UNITE HERE Local 25 has filed a representation petition with the National Labor Relations Board covering employees at Eastern Point Collective’s Capitol Hill restaurants. The agency lists the matter as case number 05-RC-380502, showing the petition was filed on Feb. 4, 2026. NLRB records also show a stipulated election agreement was added on Feb. 13, a signal that the process is moving toward a formal vote. The case identifies an approximately 54-person food-and-beverage unit that would be eligible under the proposed bargaining unit.

Management: policy, not politics

In an email cited by the Washingtonian, Eastern Point Collective founder Hollis Silverman said the firings were about workplace rules, not organizing. “The two part-time individuals were terminated for violating the restaurant’s long-held policy against consuming alcohol while working without permission from a manager,” Silverman wrote, adding that the decision was “unrelated to the union.”

How this fits into a larger DC restaurant fight

The showdown at Duck & the Peach is part of a broader wave of restaurant organizing across the D.C. area that has pulled in politicians and passersby alike. Axios has reported that workers at several District restaurants have launched union drives this season, accompanied by public pickets and pressure campaigns from lawmakers. That pattern has, in turn, pushed restaurants from one-off neighborhood spots to national groups to prepare legal strategies as union campaigns advance. Axios detailed the broader push.

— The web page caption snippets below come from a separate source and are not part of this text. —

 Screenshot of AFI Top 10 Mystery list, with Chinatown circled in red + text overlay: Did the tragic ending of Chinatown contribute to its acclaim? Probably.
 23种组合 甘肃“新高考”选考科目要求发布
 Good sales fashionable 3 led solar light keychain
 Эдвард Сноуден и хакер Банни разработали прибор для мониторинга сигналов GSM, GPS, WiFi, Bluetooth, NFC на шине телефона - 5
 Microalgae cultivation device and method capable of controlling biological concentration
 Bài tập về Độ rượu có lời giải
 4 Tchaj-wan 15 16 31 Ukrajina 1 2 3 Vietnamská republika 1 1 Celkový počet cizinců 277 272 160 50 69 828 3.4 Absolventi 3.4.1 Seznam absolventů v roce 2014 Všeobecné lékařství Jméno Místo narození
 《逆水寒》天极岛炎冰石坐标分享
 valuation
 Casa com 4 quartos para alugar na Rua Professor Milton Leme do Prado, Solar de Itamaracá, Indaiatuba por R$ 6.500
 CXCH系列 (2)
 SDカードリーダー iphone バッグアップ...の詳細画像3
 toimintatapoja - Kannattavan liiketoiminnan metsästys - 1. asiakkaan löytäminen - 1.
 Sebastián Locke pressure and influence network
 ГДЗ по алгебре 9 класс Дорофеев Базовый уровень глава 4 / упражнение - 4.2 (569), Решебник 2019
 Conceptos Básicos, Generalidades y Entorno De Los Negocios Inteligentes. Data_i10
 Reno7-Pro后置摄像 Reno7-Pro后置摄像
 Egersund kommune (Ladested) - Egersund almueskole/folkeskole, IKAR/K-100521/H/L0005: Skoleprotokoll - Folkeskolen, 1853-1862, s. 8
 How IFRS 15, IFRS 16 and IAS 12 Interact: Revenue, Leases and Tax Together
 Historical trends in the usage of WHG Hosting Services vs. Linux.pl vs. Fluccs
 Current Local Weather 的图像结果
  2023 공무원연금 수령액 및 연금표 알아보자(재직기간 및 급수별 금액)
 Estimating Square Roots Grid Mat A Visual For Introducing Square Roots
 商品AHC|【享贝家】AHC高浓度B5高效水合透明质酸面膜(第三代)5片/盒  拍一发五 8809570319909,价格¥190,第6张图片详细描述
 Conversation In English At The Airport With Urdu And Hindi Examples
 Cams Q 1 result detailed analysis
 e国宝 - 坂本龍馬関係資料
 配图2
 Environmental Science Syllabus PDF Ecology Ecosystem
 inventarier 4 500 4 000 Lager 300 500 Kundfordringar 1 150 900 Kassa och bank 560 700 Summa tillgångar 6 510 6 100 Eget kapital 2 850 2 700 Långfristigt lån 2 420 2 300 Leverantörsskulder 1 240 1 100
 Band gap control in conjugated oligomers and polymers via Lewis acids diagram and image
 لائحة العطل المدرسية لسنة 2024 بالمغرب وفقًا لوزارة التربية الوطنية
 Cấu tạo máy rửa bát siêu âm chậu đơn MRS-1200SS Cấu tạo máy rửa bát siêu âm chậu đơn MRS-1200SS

Legal implications for workers and management

An unfair-labor-practice charge triggers an NLRB investigation into whether an employer unlawfully interfered with union activity, and federal law specifically bars retaliation tied to organizing. Government guidance notes that if the board finds illegal retaliation, remedies can include reinstating workers and paying them back wages. For a plain-language overview of those protections and potential remedies, see Worker.gov, which summarizes federal labor rights.

UNITE HERE has filed an unfair-labor-practice charge with the NLRB over the Duck & the Peach firings, and federal records show the representation case is active. As the agency processes the petition and any related charges, both sides are expected to sharpen their legal and public arguments, with workers campaigning for votes while management prepares its defense at the board. The organizing effort, which spans The Duck & the Peach and its sister spots, could significantly reshape labor relations on Capitol Hill if employees ultimately choose to join Local 25.